* TASK *
The response must consist of each line in the listing that has the word "North" in it.

* GIVEN RECORDS *
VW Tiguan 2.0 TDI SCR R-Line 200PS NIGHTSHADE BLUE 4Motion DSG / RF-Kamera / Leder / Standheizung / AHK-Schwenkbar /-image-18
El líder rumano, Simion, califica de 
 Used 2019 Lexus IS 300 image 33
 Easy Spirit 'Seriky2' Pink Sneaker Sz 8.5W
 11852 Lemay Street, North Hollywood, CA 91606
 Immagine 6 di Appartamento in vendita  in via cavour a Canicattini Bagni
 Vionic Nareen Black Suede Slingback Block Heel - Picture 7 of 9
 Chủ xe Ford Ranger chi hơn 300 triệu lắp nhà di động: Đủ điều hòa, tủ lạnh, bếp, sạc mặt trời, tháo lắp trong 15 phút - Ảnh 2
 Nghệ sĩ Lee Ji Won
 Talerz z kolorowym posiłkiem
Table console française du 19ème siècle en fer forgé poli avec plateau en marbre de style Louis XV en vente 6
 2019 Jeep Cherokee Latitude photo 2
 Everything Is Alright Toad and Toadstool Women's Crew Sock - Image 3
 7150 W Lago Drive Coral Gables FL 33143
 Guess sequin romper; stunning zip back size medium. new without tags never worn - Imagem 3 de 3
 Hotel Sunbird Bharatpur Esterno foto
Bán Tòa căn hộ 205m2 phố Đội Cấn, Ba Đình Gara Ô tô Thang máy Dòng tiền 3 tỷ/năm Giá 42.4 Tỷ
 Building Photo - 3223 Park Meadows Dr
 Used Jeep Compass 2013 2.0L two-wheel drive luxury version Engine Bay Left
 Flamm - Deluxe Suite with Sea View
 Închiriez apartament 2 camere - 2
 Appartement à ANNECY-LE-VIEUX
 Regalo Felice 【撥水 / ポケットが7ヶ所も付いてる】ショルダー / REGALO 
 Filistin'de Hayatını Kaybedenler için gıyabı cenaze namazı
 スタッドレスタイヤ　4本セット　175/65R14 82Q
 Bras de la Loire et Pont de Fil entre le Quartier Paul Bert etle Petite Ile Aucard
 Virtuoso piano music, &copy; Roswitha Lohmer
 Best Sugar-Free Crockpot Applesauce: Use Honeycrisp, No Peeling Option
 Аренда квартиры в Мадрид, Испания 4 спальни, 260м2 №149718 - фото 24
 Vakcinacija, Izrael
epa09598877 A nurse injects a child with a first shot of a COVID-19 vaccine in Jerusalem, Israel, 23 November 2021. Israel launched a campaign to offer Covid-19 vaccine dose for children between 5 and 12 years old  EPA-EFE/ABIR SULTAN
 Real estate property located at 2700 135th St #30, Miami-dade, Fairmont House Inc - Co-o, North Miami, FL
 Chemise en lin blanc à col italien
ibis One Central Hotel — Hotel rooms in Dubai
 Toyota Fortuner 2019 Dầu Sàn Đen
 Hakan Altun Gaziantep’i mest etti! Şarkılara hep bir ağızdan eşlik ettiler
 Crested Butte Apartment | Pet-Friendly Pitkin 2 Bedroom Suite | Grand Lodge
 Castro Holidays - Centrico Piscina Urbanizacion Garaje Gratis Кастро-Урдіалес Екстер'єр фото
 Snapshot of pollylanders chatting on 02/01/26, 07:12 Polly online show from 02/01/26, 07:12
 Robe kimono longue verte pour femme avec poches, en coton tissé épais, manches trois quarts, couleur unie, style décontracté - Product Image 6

* EXPECTED ANSWER *
 11852 Lemay Street, North Hollywood, CA 91606
 Real estate property located at 2700 135th St #30, Miami-dade, Fairmont House Inc - Co-o, North Miami, FL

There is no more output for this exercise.